At my current employer, vacation time must be scheduled 24 hours in advance, OR you need an acceptable excuse why you couldn’t pre-schedule. Otherwise, it’s an unpaid and unexcused absence. Rack up too many unexcused absences, and your absence will become permanent.
“I can’t find a sitter” is likely an acceptable excuse the first time, but you’d probably better not make a habit of it.
I had to use a nanny at points when there was no daycare available when I returned to work. Occasionally they are going to get sick, and be unable to look after your kid - that’s no reflection on the parent who’s otherwise made reasonable efforts to secure childcare. I did have one who was more unreliable, and I quickly replaced her, as that was a foreseeable issue. But I’d expect that no more than a couple of days a year.
Allowances have to be made.
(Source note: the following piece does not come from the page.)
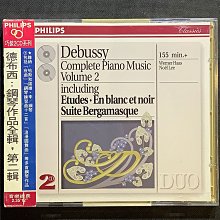 Hass An Chop Sticker Original Promo 4.25x2.25 Rectangle RARE 歷史價格詳細信息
Kids get unexpectedly sick, shit just happens. I guess in a perfect world, everyone would have a job where if they couldn’t get into work, they could work remotely from home. There are lots of jobs where that just isn’t possible. I would hope in jobs where it is possible, the bosses/managers get it, shit happens.
Georgia. Kids 14 and up are allowed off without a parent, but they aren’t allowed to watch their younger siblings. If they get off at the babysitter’s, the sitter would have to meet them.
My source for this is a girl at work with school-age kids. My own kids were latchkey kids.
Where I work, if you have arranged your own sub from the approved sub list, the supervisors don’t care if you are home because the fourth season of Lou Grant just came out on video.
If your kid was sick, and you couldn’t find someone to stay with him, and couldn’t find a sub, you wouldn’t be in trouble, but if this weren’t the first time in a blue moon, you might be asked to bring in a doctor’s note. If you simply couldn’t find a sitter for a healthy child, you’d be told to bring the kid with you. I work in a preschool, and occasionally teachers with slightly older children, like first or second graders, have brought them to work when they had no childcare. If they are in the older rooms, they just do what they other kids are doing, for the most part. If they are in the toddler rooms, they actually can be helpful. They love the fact that they are able to read picture books to two-year-olds, and the toddlers regard them with awe.
It’s never been a problem. I realize most people aren’t that lucky, though.
And the action is that they “may” be brought back to school. How much do you want to bet that seldom happens, because if Atlanta public schools have enough money for after school care for kids whose parents aren’t right at the bus stop, they are possibly the only district in the country that does?